Actor[] global_actors;
...
function update_positions ()
{
for_each (Actor a in global_actors)
{
a.position = update(a.position);
}
}
This seems like a reasonable approach, right?
Except it has a serious flaw. Step by step, what actually happens is something like this: the first Actor is loaded – a cache miss, so its loaded from RAM, into the cache. The position is read and updated and written to the cache (the processor will flush the change to RAM in the background). Then the second Actor is loaded, but this is also a cache miss, so its loaded from RAM.. and so on for each Actor. This is because the cache line is taken up by other unrelated properties of the Actor class.
If, instead, the positions of all Actors was stored together (and the health for all Actors is stored together, and the inventories and geometry and so forth), lets say as four arrays of structures – something like the following:
Position[] actor_positions;
Health[] actor_health;
Inventory[] actor_inventories;
Geometry[] actor_geometry;
...
function update_positions ()
{
for_each (Position p in actor_positions)
{
p.position = update(p.position);
}
}
the update function would be much more cache friendly. This is because the position objects are adjacent in memory. By accessing the first one, the second and third and so on are loaded into the cache (how many are loaded depends on the size of the Position structure and the size of a cache line). So instead of having to access RAM for every Actor, it now only needs to do so once for however many Position structures fit in a cache line. Less cache misses equals higher performance.
So back to entity systems. In an entity system, an entity (like the Actor entity) is a collection of traits (like Position). Since the traits are separated from the entities which posses these traits, they can be stored together, such as in an array. Since the traits can be stored together, processing them iteratively, for example, within a system which updates or handles them, conforms to the principle of locality of reference, and is therefore cache friendly.
Entity systems have a number of benefits as a software paradigm, architectural pattern and abstraction, including:
- Separation of concerns – features and functionality is split into distinct traits (the properties/data) and systems (the code implementing the features)
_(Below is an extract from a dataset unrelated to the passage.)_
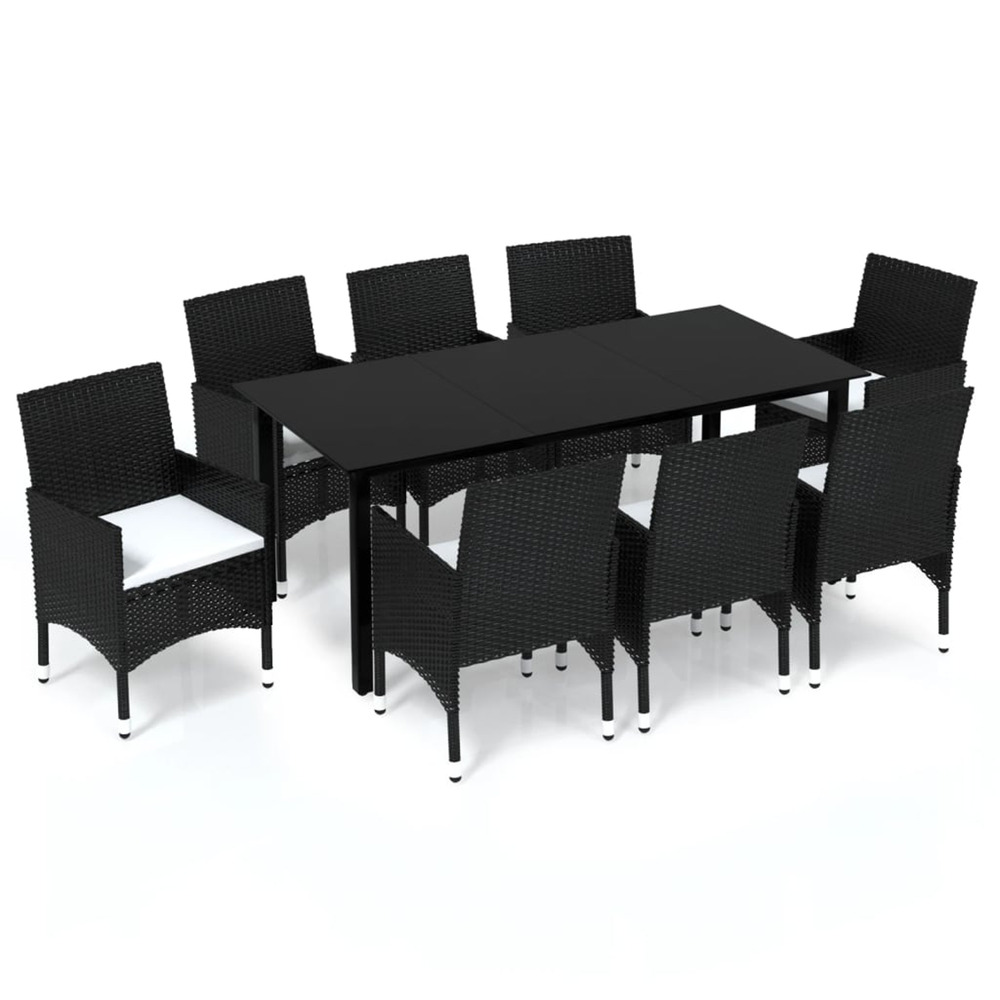 Ensemble à manger de jardin coussins 9pcs résine tressée noir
- Encapsulation – entity systems promote well-defined, potentially restricted interfaces for external systems to change traits (such as, through message passing), essentially a form of encapsulation and data-hiding. Similarly since traits can be considered independently, they offer an abstraction over specific entities
- Concurrency – as systems are independent, operating on their traits should be an independent procedure, allowing systems to be executed concurrently
- Polymorphism – entities can be treated as objects which are a union of their traits, that is, entities essentially function as a duck-typed object system
- Inheritance – the concept of an entity system doesn’t give inheritance in itself, however an implementation could by, for example, allowing entities to be used as templates for new entities (create a new entity with the same traits as an existing entity – prototype based OO – which can then be extended by adding other traits, if required)
- Code reuse – traits and systems offer an appealing method of code reuse
- Cache friendliness – a described above, the nature of entity systems provides opportunities for cache friendly implementations
I’m sure I missed more. As can be seen from the list above, an entity system shares most, if not all, of the desirable traits of object oriented programming, as well as some which are dificult in object oriented software such as concurrency. One can easily see that entity systems are an appealing paradigm for many kinds of software development.